You can install ipychart from your terminal using pip or conda:

# using pip
$ pip install ipychart

# using conda
$ conda install -c conda-forge ipychart

That's about it. You can now start a Jupyter environment (Notebook, Lab, VSCode ...) or any Python environment which supports ipywidgets and start using ipychart !

DANGER

If you are working within a virtual environment, please make sure to launch the notebook from the same environment out of which you installed ipychart:

$ source activate myenv # or conda activate myenv
(myenv) $ jupyter notebook # notebook is launched from myenv environment

Otherwise, the charts will not be displayed.

# Check Installation

You may have to enable the Jupyter notebook extension if it is not already done. You can view enabled extensions using the following command:

$ jupyter nbextension list
# You should see something like this:
config dir: /home/user/anaconda3/etc/jupyter/nbconfig
notebook section
    ipychart/extension  enabled
    - Validating: OK

If you see that ipychart is not enabled in the output of the previous command, run:

# enable jupyter notebook extension
$ jupyter nbextension enable --py --sys-prefix ipychart

# Quick start

To create a chart, we first need to import the Chart class from ipychart:

from ipychart import Chart

After that, we need to create an instance of that class. We'll have to create a Python dictionary to format our data. We'll also specify with what type of chart we want to display our data using the kind argument.

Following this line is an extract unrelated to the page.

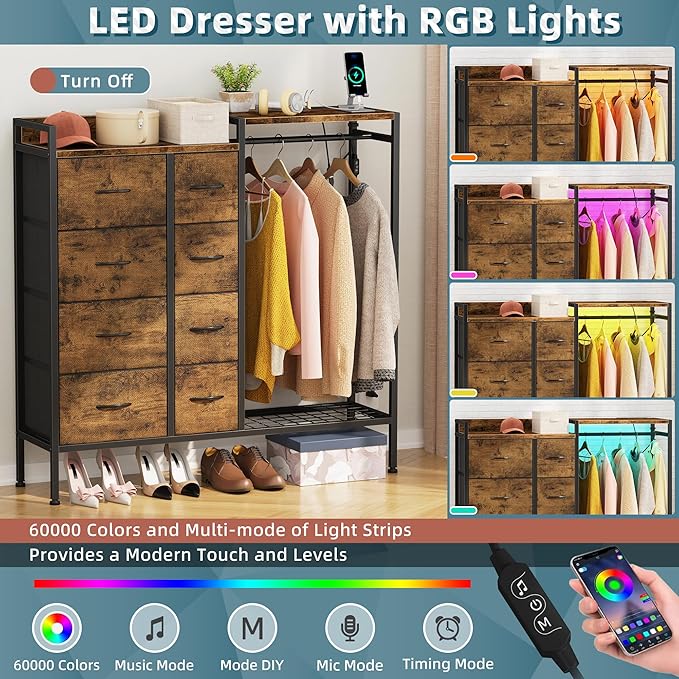 Dresser with Hanging Rack, 8-Drawer Dresser for Bedroom with Charging Station & LED Lights, Kids Dressers with Shoe Rack, Rustic Brown, 11.8" D x 42" W x 42.7" H (8 Drawers)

Concretely, we can do that very easily in the following way:

dataset = {
  'labels': ['Data 1', 'Data 2', 'Data 3', 'Data 4', 
             'Data 5', 'Data 6', 'Data 7', 'Data 8'],
  'datasets': [{'data': [14, 22, 36, 48, 60, 90, 28, 12]}]
}

mychart = Chart(data=dataset, kind='bar')
mychart

The chart is displayed directly as an output from the notebook cell. It looks like this:

TIP

You can hover the chart to display some data for each bar. These popups are called "tooltips" and are fully configurable.

You can also zoom in on the chart. To do this, click anywhere on it and draw a rectangle that will delimit the zoom area. To reset the zoom, you just have to double click anywhere on the chart.